3. The bridge node — QoS relay between Isaac and DLIO¶
DLIO subscribes to a plain sensor_msgs/PointCloud2 cloud and a
sensor_msgs/Imu with RELIABLE QoS. Isaac publishes both BEST_EFFORT,
which a RELIABLE subscriber will not match. The
g1_sim_bridge node closes that gap, in sim
only, as a thin QoS relay (no message conversion):
| Isaac output | Bridge output (→ DLIO) | |
|---|---|---|
| Cloud | /livox/lidar PointCloud2, BEST_EFFORT |
/livox/lidar_reliable PointCloud2, RELIABLE |
| IMU | /livox/imu_raw Imu, BEST_EFFORT |
/livox/imu Imu, RELIABLE |
The relay only upgrades QoS — message contents are unchanged. There is no
CustomMsg, no offset_time/line/tag synthesis, and no lidar_type
switch: DLIO consumes /livox/lidar_reliable + /livox/imu directly. The
sim-specific tuning lives in g1_sim_bridge/config/dlio_sim.yaml, layered over
the vendored DLIO cfg/dlio.yaml + cfg/params.yaml.
4. Running it¶
# 1) Isaac Sim (publishes /livox/lidar, /livox/imu_raw, /clock)
cd Navigation/sim
./launch_g1_sim.sh # GUI; --headless to hide; ISAAC_SIM_PATH to relocate
# 2) bridge + DLIO (Humble shell, ros2_ws built with g1_sim_bridge)

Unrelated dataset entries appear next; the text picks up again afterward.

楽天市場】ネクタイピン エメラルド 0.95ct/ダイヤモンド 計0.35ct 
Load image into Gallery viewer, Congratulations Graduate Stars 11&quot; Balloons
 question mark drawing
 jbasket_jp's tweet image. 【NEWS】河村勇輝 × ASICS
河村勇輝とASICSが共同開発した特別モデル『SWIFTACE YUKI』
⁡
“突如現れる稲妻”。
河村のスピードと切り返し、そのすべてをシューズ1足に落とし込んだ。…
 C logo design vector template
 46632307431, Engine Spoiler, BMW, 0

ros2 launch g1_sim_bridge sim_localization.launch.py
# bridge only (run DLIO yourself):
ros2 launch g1_sim_bridge sim_localization.launch.py start_dlio:=false
Both sides must share RMW_IMPLEMENTATION=rmw_cyclonedds_cpp and the same
ROS_DOMAIN_ID. The G1 is unactuated until you drive its joints — feed it the
locomotion/AMO policy the same way as on the robot; DLIO localizes off the
LiDAR + IMU regardless. DLIO needs the robot stationary for the first ~3 s
(IMU + gravity calibration). Full details: sim/README.md.
5. Sim ↔ real parity¶
| Real robot | Simulation | |
|---|---|---|
| LiDAR cloud | livox_ros_driver2 → /livox/lidar PointCloud2 |
Isaac RTX LiDAR → g1_sim_bridge → /livox/lidar_reliable PointCloud2 |
| IMU | Livox driver → /livox/imu (RELIABLE) |
Isaac IMU → g1_sim_bridge → /livox/imu (RELIABLE) |
| DLIO cloud topic / type | /livox/lidar_reliable PointCloud2 (RELIABLE) |
identical |
| Frame | livox_frame |
livox_frame |
| Rate | 10 Hz | 10 Hz |
| DLIO config | dlio_mid360_real.yaml |
dlio_sim.yaml, use_sim_time:=true |
| Time | wall clock | Isaac /clock (use_sim_time) |
g1_sim_bridge |
not used (driver already RELIABLE) | required (QoS relay) |
Everything above the LiDAR/IMU layer — DLIO, A*, MPC, AMO — is byte-for-byte the same code path in both modes. That is the whole point of wrapping Isaac to the driver's contract.